19      Il importe de rappeler que l’objectif de la procédure précontentieuse est de donner à l’État membre concerné la possibilité de se conformer à ses obligations découlant du droit de l’Union ou de faire utilement valoir ses moyens de défense à l’encontre des griefs formulés par la Commission [arrêt du 6 octobre 2020, Commission/Hongrie (Enseignement supérieur), C‑66/18, EU:C:2020:792, point 45 et jurisprudence citée].

20      Il est de jurisprudence constante que la lettre de mise en demeure adressée par la Commission à l’État membre concerné, puis l’avis motivé émis par celle-ci, délimitent l’objet du litige, qui ne peut plus, dès lors, être étendu. Par conséquent, l’avis motivé et le recours doivent être fondés sur des griefs identiques (arrêt du 5 juin 2014, Commission/Bulgarie, C‑198/12, EU:C:2014:1316, point 15 et jurisprudence citée).

21      Toutefois, cette exigence ne saurait aller jusqu’à imposer, en toute hypothèse, une coïncidence parfaite entre l’énoncé des griefs dans la lettre de mise en demeure, le dispositif de l’avis motivé et les conclusions de la requête, dès lors que l’objet du litige, tel que défini dans l’avis motivé, n’a pas été étendu ou modifié [arrêt du 17 avril 2018, Commission/Pologne (Forêt de Białowieża), C‑441/17, EU:C:2018:255, point 66 et jurisprudence citée].

22      Or, il convient de constater que, en l’espèce, la Commission n’a pas modifié l’objet du litige entre les phases précontentieuse et contentieuse. En effet, dans sa requête, la Commission a formulé des griefs et des moyens identiques à ceux mentionnés dans l’avis motivé. Ainsi, la République d’Autriche était dûment informée de la nature de la violation du droit de l’Union invoquée par la Commission (voir, par analogie, arrêt du 7 juillet 2005, Commission/Autriche, C‑147/03, EU:C:2005:427, point 25).

23      En ce qui concerne les arguments relatifs à la modification législative, la Commission a indiqué, dans sa requête, que ceux-ci avaient été invoqués à titre purement préventif et subsidiaire, la procédure en manquement concernant le droit autrichien en vigueur au terme du délai fixé dans l’avis motivé.
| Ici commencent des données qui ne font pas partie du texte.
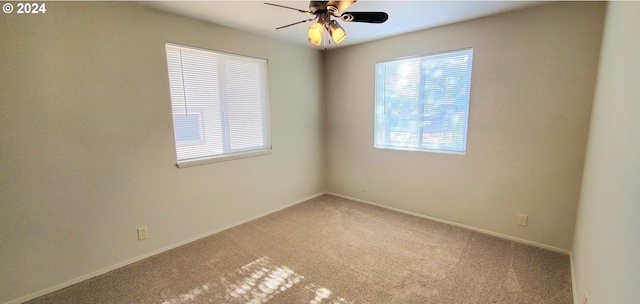 carpeted spare room with ceiling fan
Il ne s’agit donc pas d’un nouveau grief.

24      Il s’ensuit que la Commission n’a pas modifié ou étendu l’objet du litige dans sa requête et que le recours est recevable.

 Sur le fond

 Sur le premier grief

–       Argumentation des parties

25      Par son premier grief, la Commission fait valoir que, en excluant du régime particulier les services de voyages fournis à des assujettis qui les utilisent pour le compte de leur entreprise, l’UStG 1994 est incompatible avec les articles 306 à 310 de la directive TVA, tels qu’interprétés par la Cour.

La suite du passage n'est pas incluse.